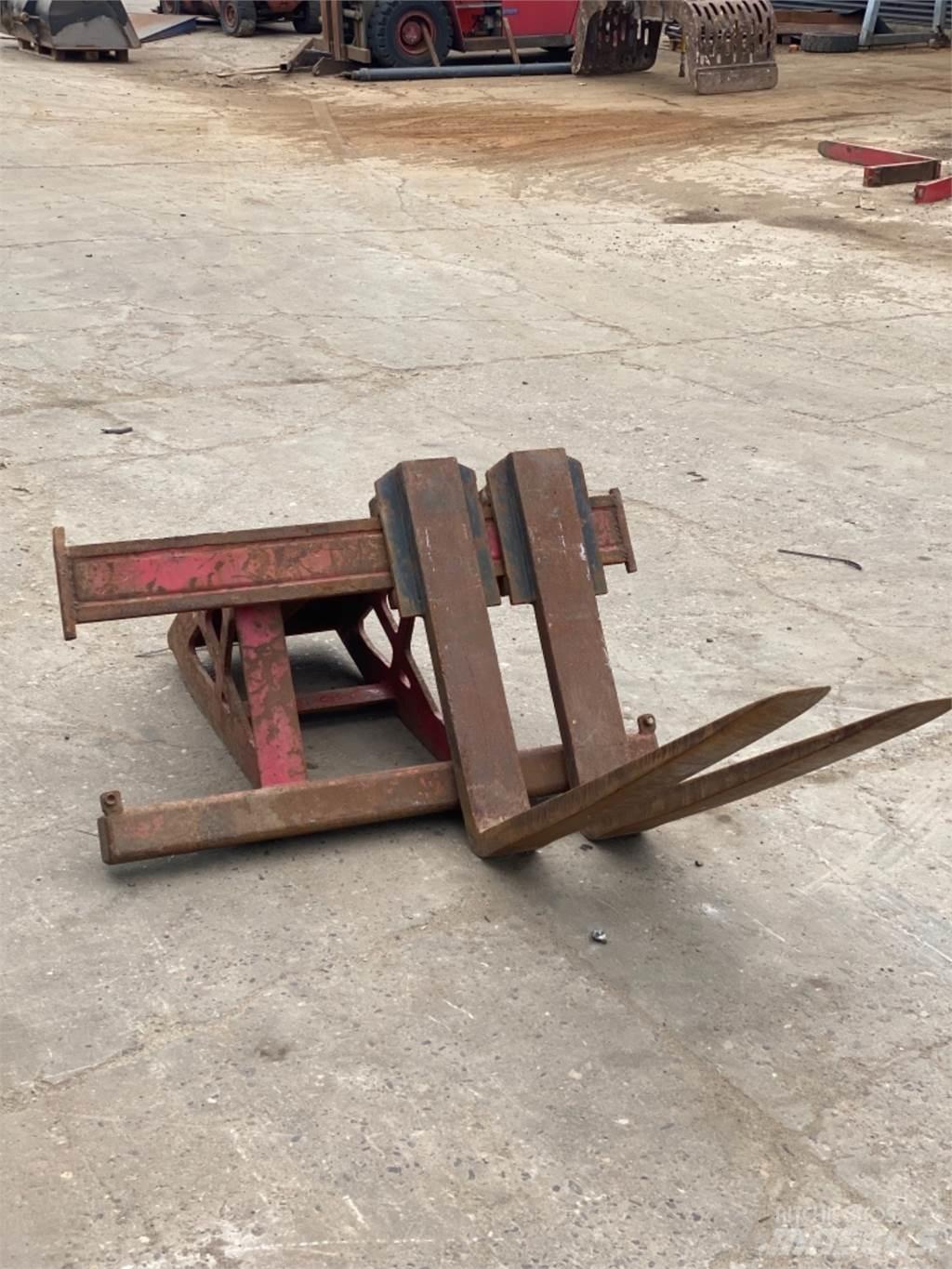  Pallegafler شوكات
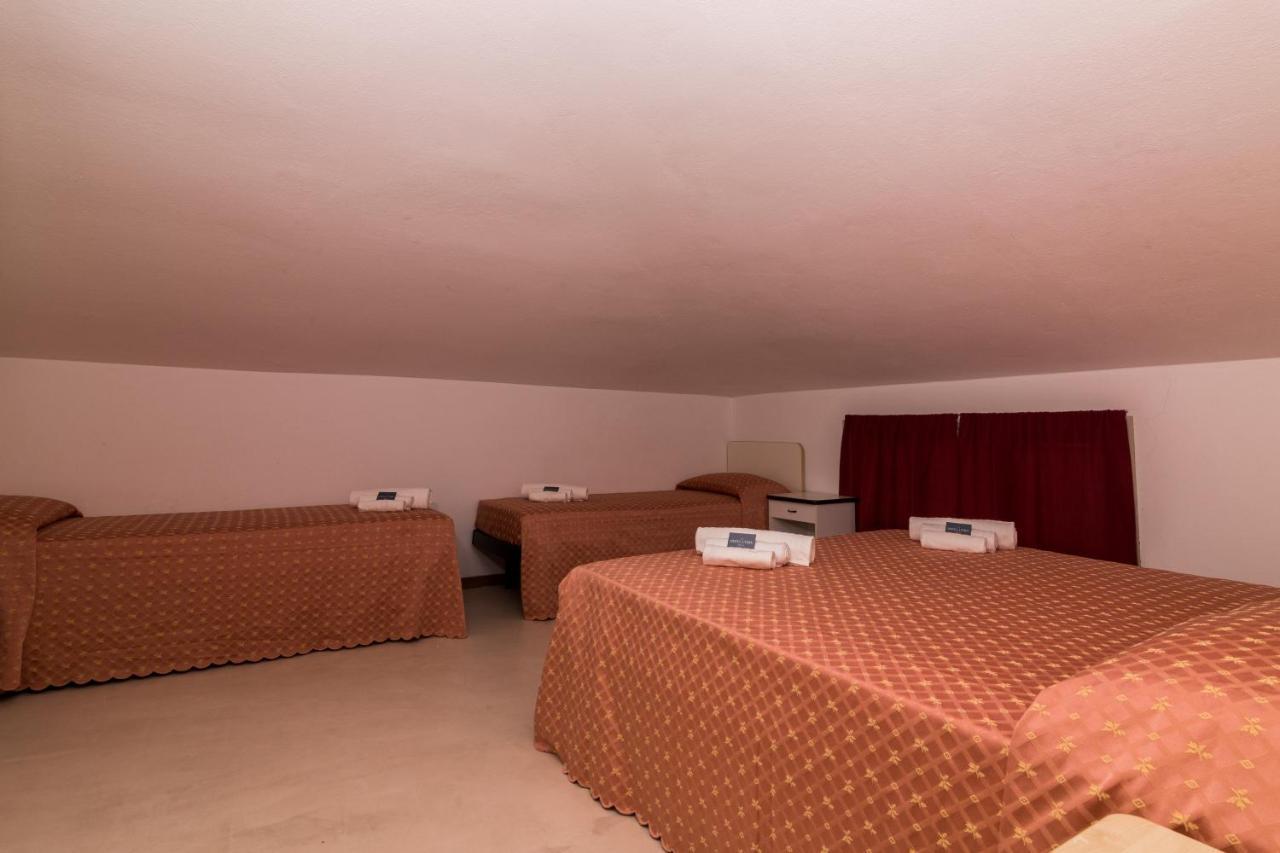 Economy Quadruple Room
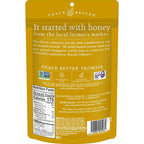 Sahale Snacks Honey Almonds Glazed Mix 4oz Bag — gallery image 2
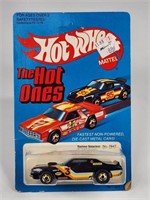 HOT WHEELS THE HOT ONES TORINO STOCKER NIP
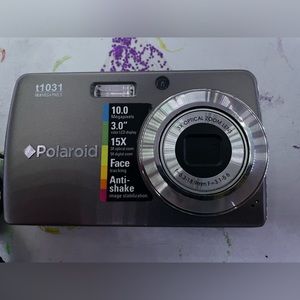 Polaroid camera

TASK GOAL
Each entry above needs to be restated without a single word changed; skip the images.

RESPONSE TO THIS TASK
  Pallegafler شوكات
 Economy Quadruple Room
 Sahale Snacks Honey Almonds Glazed Mix 4oz Bag — gallery image 2
 HOT WHEELS THE HOT ONES TORINO STOCKER NIP
 Polaroid camera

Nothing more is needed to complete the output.